Amoral: neither moral nor immoral.
Why did I choose the epigraph ‘Love is worth whatever it costs’ by Françoise Sagan? (Taken from her novel ‘Bonjour Tristesse’).
Amoral: (definition) not involving questions of right or wrong; without moral quality; neither moral nor immoral.
When Bonjour Tristesse by Françoise Sagan was published in 1954 it caused a sensation and a scandal. First and foremost because it was written by an eighteen year old girl writing about a seventeen year old girl’s first (and for those times) unconventional experience of love and sex.

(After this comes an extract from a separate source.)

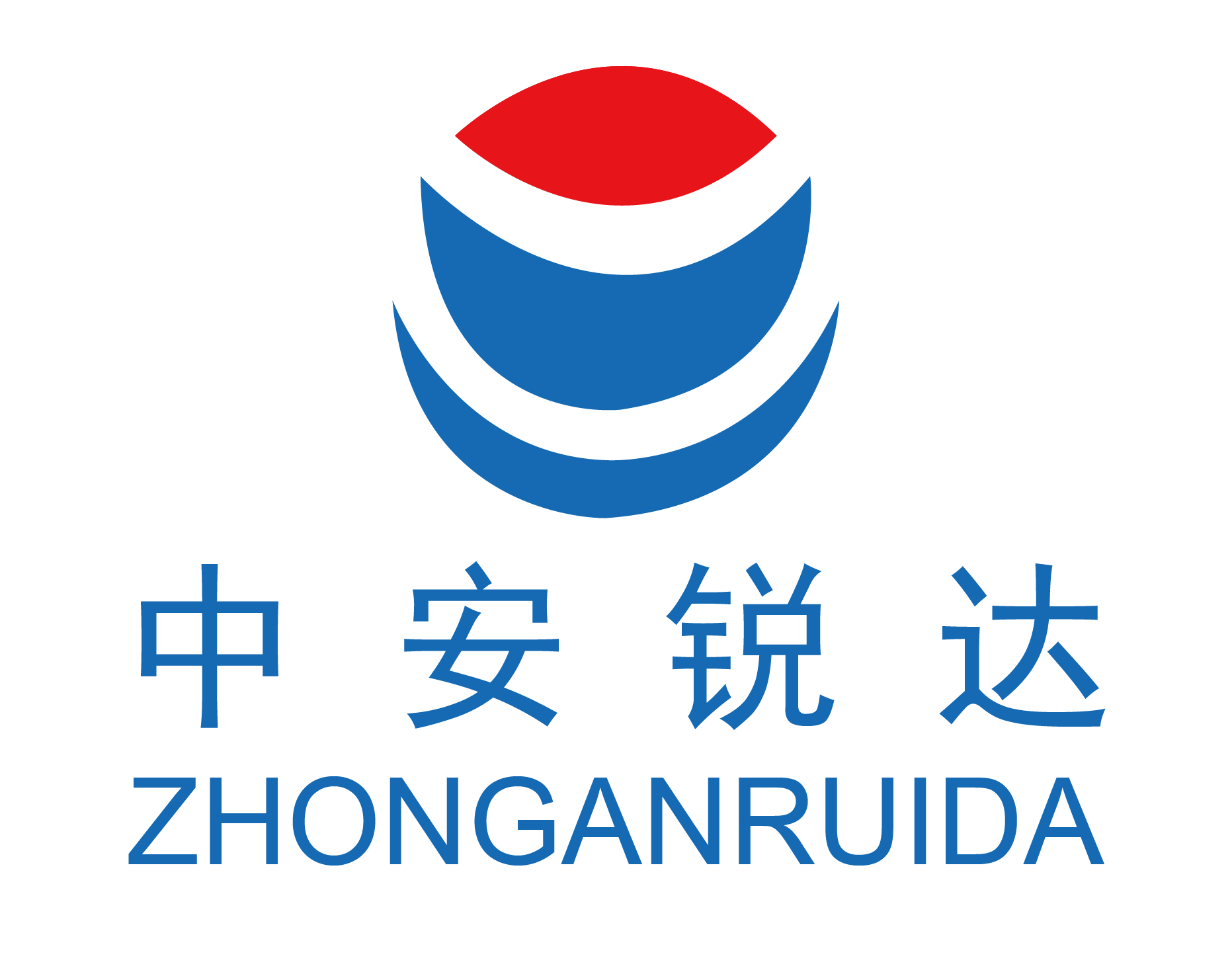 中安锐达(南京)电子科技有限公司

Almost sixty-five years later the novel is no longer regarded as scandalous. Times have changed and so have society’s mores. The under lying themes in Sagan’s novel still remain current. Sagan challenged the idea that teenagers should be ignored because they were inexperienced in the ways of the world and incapable of making mature decisions. Ten years later those notions were being thrown out and the social dynamics of Western society began to change forever. Sixties teenagers were at the forefront of the changes, no longer willing to accept the accepted mores and values of the older generation. Sagan set the context for those changes dealing with rite of passage, amorality in conflict with morality, the nature of love, relationships and jealousy as seen through her heroines eyes.
‘Jimmy Mack 1967 – Strong Love (Side A)’ reflects these changing times. James MacKinnon and the two girls in his life are all the same age as Sagan’s Cecille. They exemplify the moral and the amoral qualities of youth in the Sixties. Their refusal to conform to the expectations of their parent’s generation is matched by their savviness in dealing with the world at large. This novel is about an amoral liaison in the making unfolding at the end that even in the present will challenge many peoples thinking about relationships, friendship and love. And so the question to be asked is, is ‘love is worth whatever it costs’?